Un autre élément important est le rapide développement des initiatives législatives. Depuis 2010, les avancées se multiplient : dès 2009, l’Argentine a autorisé de facto le mariage homosexuel en considérant que le droit au mariage était un droit constitutionnel. Ce fut le premier pays latino-américain à ouvrir le mariage aux couples homosexuels, et le premier mariage gay latino-américain fut célébré à Ushuaïa le 28 décembre 2009. De la même manière, l’Union civile ou un statut proche existe au Brésil depuis 2004, en Colombie et dans les États de Mexico et de Coahuila (2007), en Argentine et en Uruguay (2008), en Équateur (2009)…
Outre le droit au mariage et/ou à l’union civile, l’adoption par les couples homosexuels, l’intégration dans l’armée ou la possibilité de changer de nom et de sexe pour les personnes transgenres se développent également : il est ainsi possible d’adopter en Uruguay (2009), en Argentine et au Brésil (2010), en Colombie (2015) et à Mexico (2010) par exemple. En France, l’adoption n’a été possible qu’avec la loi sur le mariage de 2013.
Certains pays ont fait partie de «l’avant-garde» sur ces questions dans les différentes institutions internationales. Ainsi, le Brésil a présenté la première déclaration sur la dépénalisation universelle de l’homosexualité au Conseil des droits de l’homme de l’ONU en 2003. Ce pays, avec l’Argentine, a également fait partie du groupe de travail qui a permis l’adoption en 2009 de la «Déclaration relative aux droits de l’homme et à l’orientation sexuelle et l’identité de genre». En 2011, l’Afrique du Sud et la Colombie portent un projet visant à faire reconnaître les droits LGBT comme des droits humains.
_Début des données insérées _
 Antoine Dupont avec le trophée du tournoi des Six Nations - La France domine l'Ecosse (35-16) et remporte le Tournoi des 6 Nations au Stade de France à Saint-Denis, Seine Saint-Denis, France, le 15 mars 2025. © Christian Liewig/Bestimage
Le projet avorte, mais en 2014, le Chili, la Colombie et l’Uruguay réussissent à faire adopter un texte sur la protection des personnes LGBT contre les violences et les discriminations par le Conseil des droits de l’homme de l’ONU.
Ce leadership international s’accompagne également d’avancées importantes dans les législations des pays latino-américains, sur des sujets qui restent sensibles, y compris dans les sociétés occidentales. Avant même que la législation française ne permette librement le changement de sexe, plusieurs pays latino-américains autorisaient le changement d’identité librement ou sans recourir à de la chirurgie. Les premières lois autorisant le changement de sexe datent de 2006 au Panama. Aujourd’hui, la modification de l’état civil est possible dans la majorité des pays du continent.
Cela reste toutefois impossible au Venezuela, au Mexique (à l’exception du district de Mexico), au Suriname, au Salvador, au Paraguay, au Nicaragua, au Guyana, au Guatemala et au Costa Rica. Encore une fois, une géographie apparaît nettement. Les pays centraméricains sont en effet beaucoup plus rétifs à reconnaître aux communautés LGBTI leurs droits. Toutefois, les minorités sexuelles d’Amérique latine et des Caraïbes poursuivent la lutte pour obtenir une égalité en droit et en fait, et obtiennent des résultats. Espérons que cette dynamique se poursuive pour que bientôt l’orientation sexuelle ne soit plus une source d’inquiétude et de souffrance.